I could get a sideboard guide for Traditional Control from one of the team members, but I haven’t practiced much with the deck myself so the moment something unexpected or complicated happens, I’m screwed. I know I would mess up the mulligan decisions and would probably get outplayed in the mirror matches by more experienced pilots.
At this point it doesn’t really matter which deck I choose, I’m in trouble regardless. All I can choose is whether I would rather lose to play mistakes, bad matchups or both.
So where did it all go wrong?
The Cost of Indecision
I once encountered a quote by Sylvia Plath, from her novel The Bell Jar:
Cited from The Bell Jar
I saw my life branching out before me like the green fig tree in the story. From the tip of every branch, like a fat purple fig, a wonderful future beckoned and winked.
One fig was a husband and a happy home and children, and another fig was a famous poet and another fig was a brilliant professor, and another fig was Ee Gee, the amazing editor, and another fig was Europe and Africa and South America, and another fig was Constantin and Socrates and Attila and a pack of other lovers with queer names and offbeat professions, and another fig was an Olympic lady crew champion, and beyond and above these figs were many more figs I couldn’t quite make out.
I saw myself sitting in the crotch of this fig tree, starving to death, just because I couldn’t make up my mind which of the figs I would choose. I wanted each and every one of them, but choosing one meant losing all the rest, and, as I sat there, unable to decide, the figs began to wrinkle and go black, and, one by one, they plopped to the ground at my feet.
It should probably worry me that the moment I heard the quote, my mind instantly translated it to Magic terms, with the figs representing different deck choices.
So many times for so many tournaments, I have jumped from deck to deck, always trying to see if the grass is greener on the other side of the battlefield. It always ends the same way. One by one the decks start to wrinkle and go black, plopping to the trash can at my feet after the first league without prizes.

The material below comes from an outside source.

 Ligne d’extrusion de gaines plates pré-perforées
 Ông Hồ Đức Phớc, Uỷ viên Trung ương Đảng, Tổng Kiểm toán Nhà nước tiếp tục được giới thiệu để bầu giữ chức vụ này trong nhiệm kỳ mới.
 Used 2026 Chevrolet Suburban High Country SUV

It’s not your Deck It’s How You Use It
Some time ago Mike Sigrist wrote an article called Play a Better Deck, in which he suggested that the best way to beat better opponents is to play a better deck. I believe this might be a great strategy for Mike himself, but not for most players out there. To be fair, I agree with some of the methods that are mentioned (especially innovating on old archetypes), but not on the general philosophy behind it.
I think the whole goal of trying to find the best possible deck for a tournament is misguided. If you have a team of full-time Pros, you might have enough resources to figure out good versions of all the decks and get enough data to determine how they fare against each other and then figure out which one of them is the best. But for most of us, that is simply an impossible task in such a short amount of time, and the sample sizes will always remain too small to draw any reliable conclusions from.
And what’s the treasure at the end of the rainbow anyway? Take the data from Mythic Championship London, for example:
The best performing decks with reasonable sample sizes are Humans and Hardened Scales, with 54% and 56% win rates respectively. If you compare this to the average win rate, 50%, you get a 4-6% gain by finding the best deck. Comparing the win rates to 50% is a bit generous though. You can usually quite safely exclude some of the worst decks, like Esper Control and the whole “Other” category. No offense to the Esper fans out there, but if you’re registering 《Esper Charm》 to a Modern tournament, you’re doing it wrong.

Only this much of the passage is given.